In this project I made Exploratory Data Analysis, Data Visualisation and lastly Modelling. Dataset contains 7043 rows in csv file. Each example row represent a churned or not churned customoer with 21 different information(columns). Before modelling part I have to do Data Cleaning and I need to understand which features(columns) are more important for understand the customer behavior. Also I checked distribution of churned and not churned to make Undersampling or Oversampling but luckily dataset distribution is acceptable, but if a person will make Oversampling, accuracy it may be slightly higher. Later I made visualization of each columns to understand the dataset better and of course feature importance. In the modelling part, I used 9 different algorithms CatBoost , K-Neighbors , XGBoost , AdaBoost , LightGBM , Logistic Regression , Gradient Boosting , Random Forest , D-Tree Classifier . Gradient Boosting algorithm gives the best accuracy with 0.804500 which is slightly better CatBoost (0.803600) and AdaBoost (0.803600),also D-Tree Classifier gives the worst accuracy(0.803600). But my aim is Recall Score; because objective of this types of project is decreasing False Negatives(FN).
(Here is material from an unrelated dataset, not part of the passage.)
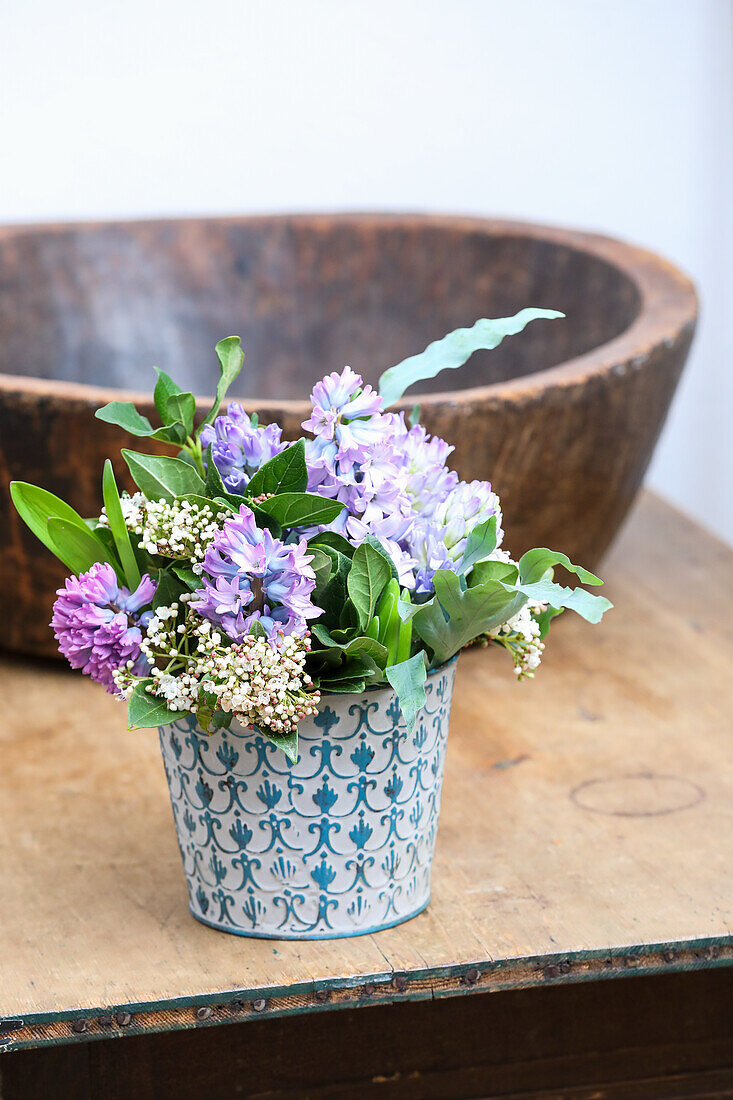Bouquet of hyacinths (Hyacinthus) and snowball (Viburnum) in vintage tin vase
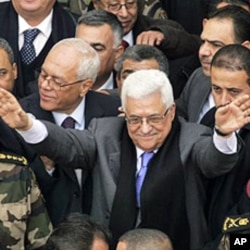 Palestinian President Mahmoud Abbas, center, gestures during a rally in the West Bank city of Ramallah, 25 Jan 2011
In the end Gradient Boosting (0.541800)recall score decent but with Oversampling or using scale_pos_weight in boosting algorithms can increase Recall Score.
Dataset contains 21 columns and 7043 rows.
Columns Description:
- CustomerID = A unique ID that identifies each customer.
- Gender = The customer’s gender.
- Senior Citizen = Indicates if the customer is 65 or older.
- Partner = Indicates if the customer is married.
- Dependents = Indicates if the customer lives with any dependents.
- Tenure = Indicates the total amount of months that the customer has been with the company.
- Phone Service = Indicates if the customer subscribes to home phone service with the company
- Multiple Lines = Indicates if the customer subscribes to multiple telephone lines with the company.
- Internet Service = Indicates if the customer subscribes to Internet service with the company.
- Online Security = Indicates if the customer subscribes to an additional online security service provided by the company.
- Device Protection = Indicates if the customer subscribes to an additional device protection plan for their Internet equipment provided by the company.
- Tech Support = Indicates if the customer subscribes to an additional technical support plan from the company with reduced wait times.
- Streaming TV = Indicates if the customer uses their Internet service to stream television programing from a third party provider.
- Streaming Movies = Indicates if the customer uses their Internet service to stream movies from a third party provider.
- Contract = Indicates the customer’s current contract type: Month-to-Month, One Year, Two Year.
- Paperless Billing = Indicates if the customer has chosen paperless billing.
- Payment Method = Indicates how the customer pays their bill.
- Monthly Charges = Indicates the customer’s current total monthly charge for all their services from the company.
- Total Charges = Indicates the customer’s total charges, calculated to the end of the quarter specified above.
- Churn = Yes = the customer left the company this quarter. No = the customer remained with the company. Directly related to Churn Value.
Firstly, I would like to see distribution of the data, because we may need to use Undersampling or Oversampling. As in the image below, dataset is fairly acceptable.
- Customer did churn: 26.54 % --> (1869 customer)
- Customer did not churn: 73.46 % --> (5174 customer)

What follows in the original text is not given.